◆ Try it ◆
For the entries that follow, restate word for word the line containing "Meet your Posher, Sara", the line containing "Bishop Duane G. Hunt Takes on World War II", and every line that lies between them.
------ Raw data
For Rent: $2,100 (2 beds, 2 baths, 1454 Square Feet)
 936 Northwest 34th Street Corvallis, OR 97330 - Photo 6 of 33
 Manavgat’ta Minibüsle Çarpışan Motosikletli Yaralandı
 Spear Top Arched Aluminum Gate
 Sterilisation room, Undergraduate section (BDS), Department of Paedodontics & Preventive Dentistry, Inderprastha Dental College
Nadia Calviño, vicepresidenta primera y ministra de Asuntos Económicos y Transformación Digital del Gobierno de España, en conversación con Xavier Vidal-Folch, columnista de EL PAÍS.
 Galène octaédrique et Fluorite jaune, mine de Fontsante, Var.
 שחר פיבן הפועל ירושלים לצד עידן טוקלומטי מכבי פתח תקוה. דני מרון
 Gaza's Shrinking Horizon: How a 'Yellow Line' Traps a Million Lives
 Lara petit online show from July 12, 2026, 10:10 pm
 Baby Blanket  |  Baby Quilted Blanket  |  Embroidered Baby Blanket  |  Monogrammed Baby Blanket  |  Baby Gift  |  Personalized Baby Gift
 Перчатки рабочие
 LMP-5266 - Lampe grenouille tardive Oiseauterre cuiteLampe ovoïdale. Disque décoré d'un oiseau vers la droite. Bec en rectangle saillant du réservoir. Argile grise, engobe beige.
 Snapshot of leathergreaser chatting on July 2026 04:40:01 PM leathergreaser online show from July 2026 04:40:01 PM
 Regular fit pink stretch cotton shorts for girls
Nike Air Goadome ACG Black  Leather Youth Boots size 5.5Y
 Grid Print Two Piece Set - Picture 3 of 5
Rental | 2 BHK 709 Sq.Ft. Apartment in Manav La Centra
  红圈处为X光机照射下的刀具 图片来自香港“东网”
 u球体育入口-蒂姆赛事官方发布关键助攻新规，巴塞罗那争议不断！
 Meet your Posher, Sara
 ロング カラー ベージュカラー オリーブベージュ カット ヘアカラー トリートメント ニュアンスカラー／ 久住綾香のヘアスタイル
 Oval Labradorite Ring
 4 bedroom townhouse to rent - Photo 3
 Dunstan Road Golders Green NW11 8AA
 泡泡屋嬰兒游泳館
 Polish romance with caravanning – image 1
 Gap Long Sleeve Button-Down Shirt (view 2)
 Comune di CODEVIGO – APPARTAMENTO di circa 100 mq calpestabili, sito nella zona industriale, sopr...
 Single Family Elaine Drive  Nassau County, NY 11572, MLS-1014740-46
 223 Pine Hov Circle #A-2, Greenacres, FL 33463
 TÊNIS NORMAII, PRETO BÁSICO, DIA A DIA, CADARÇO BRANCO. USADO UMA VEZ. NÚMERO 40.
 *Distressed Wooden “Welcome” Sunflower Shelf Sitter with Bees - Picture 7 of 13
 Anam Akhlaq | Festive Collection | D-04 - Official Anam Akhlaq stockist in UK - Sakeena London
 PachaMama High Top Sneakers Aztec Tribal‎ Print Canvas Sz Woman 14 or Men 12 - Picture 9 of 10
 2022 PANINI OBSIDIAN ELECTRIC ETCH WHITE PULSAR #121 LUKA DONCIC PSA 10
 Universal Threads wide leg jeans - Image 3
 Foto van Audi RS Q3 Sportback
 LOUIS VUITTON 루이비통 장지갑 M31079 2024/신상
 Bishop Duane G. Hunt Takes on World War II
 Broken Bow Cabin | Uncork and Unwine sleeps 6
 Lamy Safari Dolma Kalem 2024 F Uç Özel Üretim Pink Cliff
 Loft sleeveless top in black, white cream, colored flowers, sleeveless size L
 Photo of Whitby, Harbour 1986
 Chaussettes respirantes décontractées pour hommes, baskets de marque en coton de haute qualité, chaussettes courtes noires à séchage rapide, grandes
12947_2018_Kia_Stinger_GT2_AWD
------------
◆ Output for this exercise ◆
 Meet your Posher, Sara
 ロング カラー ベージュカラー オリーブベージュ カット ヘアカラー トリートメント ニュアンスカラー／ 久住綾香のヘアスタイル
 Oval Labradorite Ring
 4 bedroom townhouse to rent - Photo 3
 Dunstan Road Golders Green NW11 8AA
 泡泡屋嬰兒游泳館
 Polish romance with caravanning – image 1
 Gap Long Sleeve Button-Down Shirt (view 2)
 Comune di CODEVIGO – APPARTAMENTO di circa 100 mq calpestabili, sito nella zona industriale, sopr...
 Single Family Elaine Drive  Nassau County, NY 11572, MLS-1014740-46
 223 Pine Hov Circle #A-2, Greenacres, FL 33463
 TÊNIS NORMAII, PRETO BÁSICO, DIA A DIA, CADARÇO BRANCO. USADO UMA VEZ. NÚMERO 40.
 *Distressed Wooden “Welcome” Sunflower Shelf Sitter with Bees - Picture 7 of 13
 Anam Akhlaq | Festive Collection | D-04 - Official Anam Akhlaq stockist in UK - Sakeena London
 PachaMama High Top Sneakers Aztec Tribal‎ Print Canvas Sz Woman 14 or Men 12 - Picture 9 of 10
 2022 PANINI OBSIDIAN ELECTRIC ETCH WHITE PULSAR #121 LUKA DONCIC PSA 10
 Universal Threads wide leg jeans - Image 3
 Foto van Audi RS Q3 Sportback
 LOUIS VUITTON 루이비통 장지갑 M31079 2024/신상
 Bishop Duane G. Hunt Takes on World War II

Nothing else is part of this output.